Chinese Export Gouache Pith Painting, Butterfly & flowers, mid-19th century

Age:
mid-19th century
Material:
Gouache Painting On Pith
Dimensions:
Frame: 38.5cm x 28.5cm
Shipping:
Standard Parcel
Price:
SOLD
A gouache watercolour painting on pith paper of flowers and a butterfly, painted with great realism. This would originally have been part of a set. The gouache colours are still bright with soft tone to the mulberry paper.
Incredibly fragile and increasingly rare, pith paintings are prone to damage. This one is in very good condition but does have a small tear on the right-hand side.

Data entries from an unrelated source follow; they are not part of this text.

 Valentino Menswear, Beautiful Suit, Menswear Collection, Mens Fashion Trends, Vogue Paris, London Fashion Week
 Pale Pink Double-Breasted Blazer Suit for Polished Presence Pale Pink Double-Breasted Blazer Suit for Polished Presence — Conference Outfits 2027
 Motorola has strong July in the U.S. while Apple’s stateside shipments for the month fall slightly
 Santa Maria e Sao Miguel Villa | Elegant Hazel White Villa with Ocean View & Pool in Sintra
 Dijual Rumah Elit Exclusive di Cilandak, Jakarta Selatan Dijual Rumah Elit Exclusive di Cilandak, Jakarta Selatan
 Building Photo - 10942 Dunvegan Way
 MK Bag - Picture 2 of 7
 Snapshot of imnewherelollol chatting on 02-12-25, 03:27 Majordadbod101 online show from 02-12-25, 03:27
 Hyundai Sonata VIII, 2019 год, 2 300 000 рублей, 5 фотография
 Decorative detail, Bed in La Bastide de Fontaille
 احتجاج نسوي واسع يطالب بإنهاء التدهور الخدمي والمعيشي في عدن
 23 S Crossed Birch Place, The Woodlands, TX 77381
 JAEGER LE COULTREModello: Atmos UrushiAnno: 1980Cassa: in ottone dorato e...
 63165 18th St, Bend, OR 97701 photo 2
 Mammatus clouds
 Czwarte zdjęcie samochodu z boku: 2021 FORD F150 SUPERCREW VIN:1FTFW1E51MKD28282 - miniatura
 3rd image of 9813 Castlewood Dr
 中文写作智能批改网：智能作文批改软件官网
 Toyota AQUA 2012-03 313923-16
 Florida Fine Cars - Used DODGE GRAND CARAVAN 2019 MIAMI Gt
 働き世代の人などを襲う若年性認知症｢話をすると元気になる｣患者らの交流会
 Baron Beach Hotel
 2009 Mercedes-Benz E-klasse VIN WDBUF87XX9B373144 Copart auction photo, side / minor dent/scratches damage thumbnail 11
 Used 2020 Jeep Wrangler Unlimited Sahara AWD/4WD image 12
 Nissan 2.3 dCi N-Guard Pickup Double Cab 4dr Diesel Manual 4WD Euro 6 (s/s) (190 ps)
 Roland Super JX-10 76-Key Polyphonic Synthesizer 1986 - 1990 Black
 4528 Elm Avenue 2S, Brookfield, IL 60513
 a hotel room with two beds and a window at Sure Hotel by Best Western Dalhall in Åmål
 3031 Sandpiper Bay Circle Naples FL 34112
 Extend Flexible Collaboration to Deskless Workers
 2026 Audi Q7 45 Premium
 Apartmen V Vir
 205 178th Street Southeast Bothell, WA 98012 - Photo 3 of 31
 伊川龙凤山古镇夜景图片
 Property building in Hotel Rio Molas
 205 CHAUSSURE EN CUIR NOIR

Access to China was restricted during the first part of the 19th century to the trading port of Canton (Guangzhou). With visitors looking for souvenirs, Canton-based artists turned to a local product which was cheap and plentiful, a small evergreen tree called Tetrapanax papyrifer. Slices of the white pith of this tree had traditionally been used to make artificial flowers and it was found that its velvet texture lent itself well to the application of watercolours. The oldest known Chinese pith watercolours date from the mid-1820s. The artists used gouache - watercolours with an added white pigment – and often applied it to the back of the paintings as well to increase opacity. Pith absorbs water so the paint layer is raised, creating an attractive embossed surface. The pith paintings were often bound in albums, and usually covered a single subject. Pith painting flourished between the 1820s and 1860s, but declined over the course of the century as photographs and picture postcards became available as mementos of a trip to China.